Word for word, give the data again without its pictures.
Data below: Begin
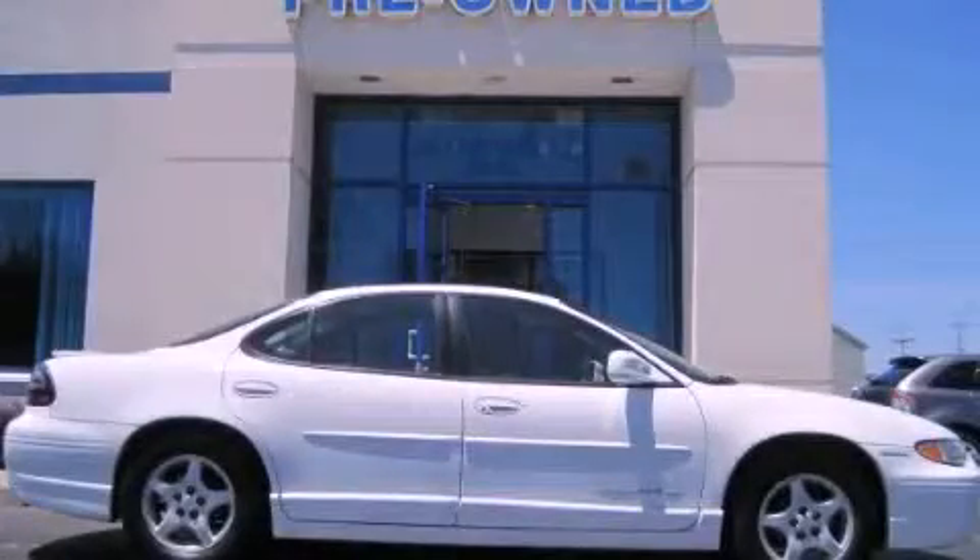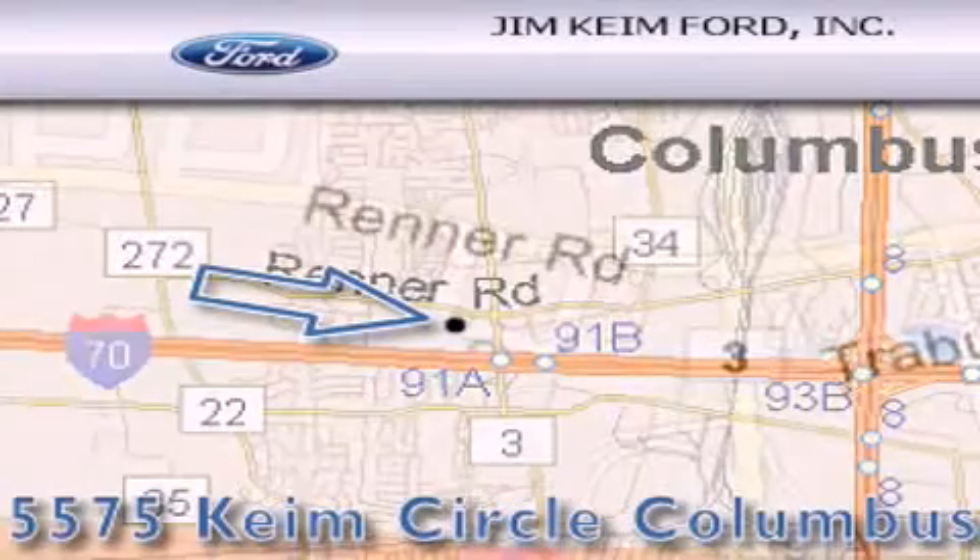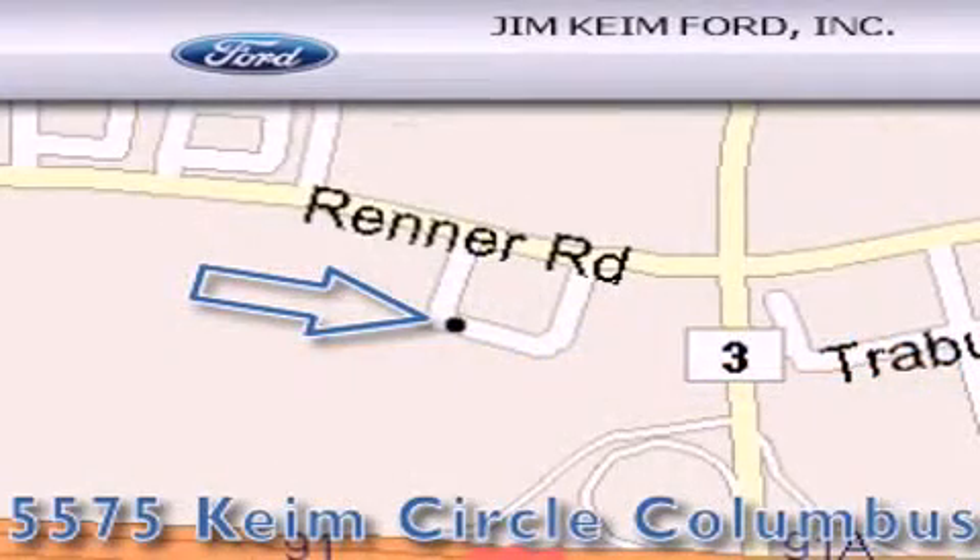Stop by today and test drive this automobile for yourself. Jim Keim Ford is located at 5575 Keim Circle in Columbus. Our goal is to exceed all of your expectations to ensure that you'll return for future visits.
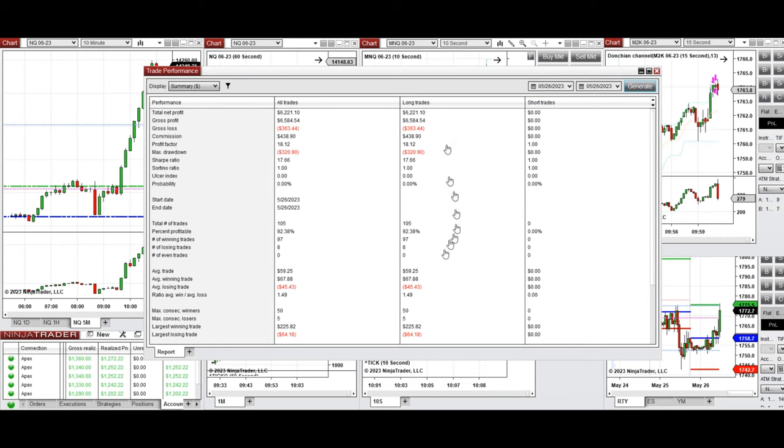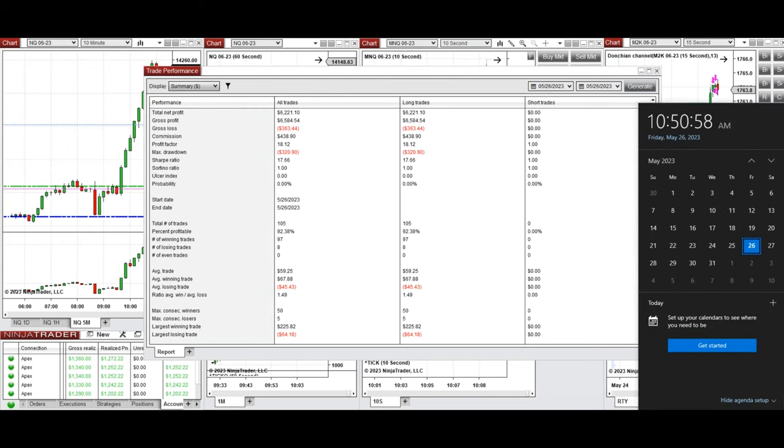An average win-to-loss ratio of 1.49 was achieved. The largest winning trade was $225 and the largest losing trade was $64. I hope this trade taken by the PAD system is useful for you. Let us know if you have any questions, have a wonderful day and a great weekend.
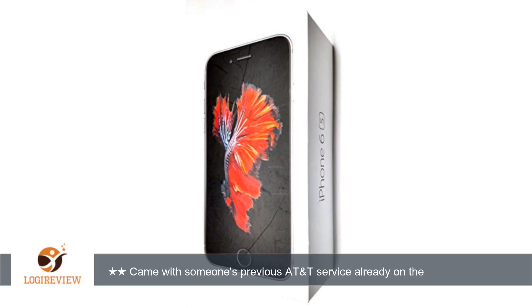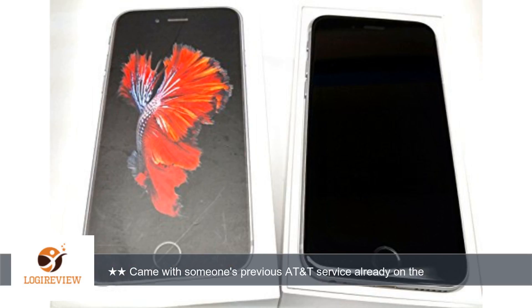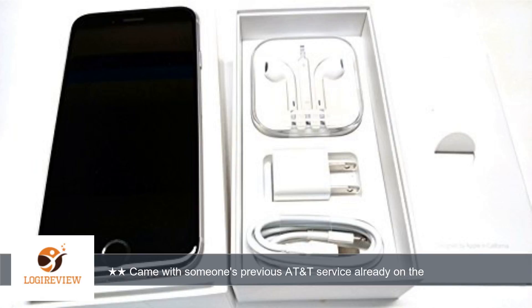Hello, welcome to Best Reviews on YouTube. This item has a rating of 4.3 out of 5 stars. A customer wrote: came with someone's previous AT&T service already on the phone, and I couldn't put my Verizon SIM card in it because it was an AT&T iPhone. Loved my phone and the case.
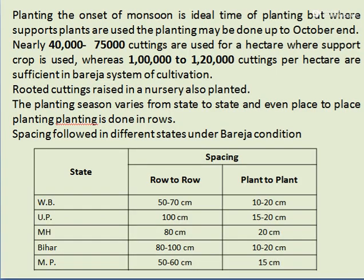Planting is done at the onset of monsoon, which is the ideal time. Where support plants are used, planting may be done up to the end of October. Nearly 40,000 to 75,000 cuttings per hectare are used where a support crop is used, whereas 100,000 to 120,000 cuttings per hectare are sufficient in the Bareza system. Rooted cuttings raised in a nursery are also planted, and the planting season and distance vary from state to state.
Data below: End
Output of the task:
Stop by today and test drive this automobile for yourself. Jim Keim Ford is located at 5575 Keim Circle in Columbus. Our goal is to exceed all of your expectations to ensure that you'll return for future visits.
An average win-to-loss ratio of 1.49 was achieved. The largest winning trade was $225 and the largest losing trade was $64. I hope this trade taken by the PAD system is useful for you. Let us know if you have any questions, have a wonderful day and a great weekend.
Hello, welcome to Best Reviews on YouTube. This item has a rating of 4.3 out of 5 stars. A customer wrote: came with someone's previous AT&T service already on the phone, and I couldn't put my Verizon SIM card in it because it was an AT&T iPhone. Loved my phone and the case.
Planting is done at the onset of monsoon, which is the ideal time. Where support plants are used, planting may be done up to the end of October. Nearly 40,000 to 75,000 cuttings per hectare are used where a support crop is used, whereas 100,000 to 120,000 cuttings per hectare are sufficient in the Bareza system. Rooted cuttings raised in a nursery are also planted, and the planting season and distance vary from state to state.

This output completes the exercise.